*** Records for processing ***
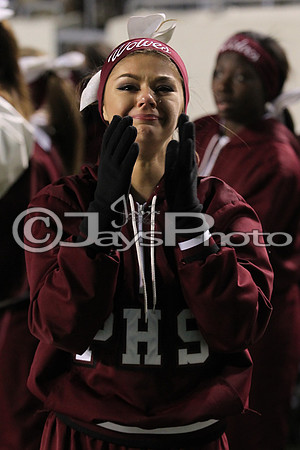 Charleston vs. Prescott 12-10-16 (3A State Championship)_JWM_00991
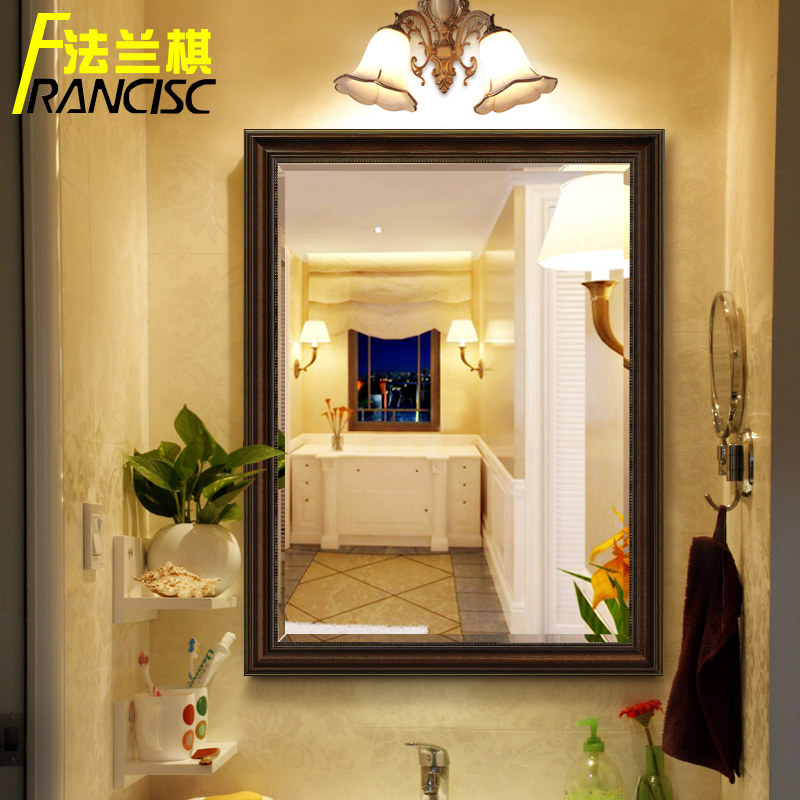 ����������ŷʽϴ������K8579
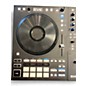 Used RANE Four Turntable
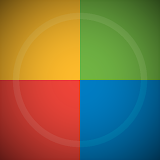 IGMH-Schul-App icon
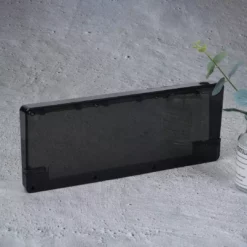 Deals 😉 KBDfans D60lite PC Version Mechanical Keyboard KIT Shop 🔥 28 KBDfans D60lite PC Version Mechanical Keyboard KIT Shop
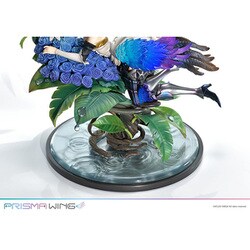 ヨドバシ.com - プライム1スタジオ PWOSL-01P PRISMA WING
*** End of Records for processing ***
• [Your goal]:
From the line holding "Used RANE Four Turntable" down to the final line of the entries above, print every line exactly. Pictures do not go in.

• [Finished task]:
 Used RANE Four Turntable
 IGMH-Schul-App icon
 Deals 😉 KBDfans D60lite PC Version Mechanical Keyboard KIT Shop 🔥 28 KBDfans D60lite PC Version Mechanical Keyboard KIT Shop
 ヨドバシ.com - プライム1スタジオ PWOSL-01P PRISMA WING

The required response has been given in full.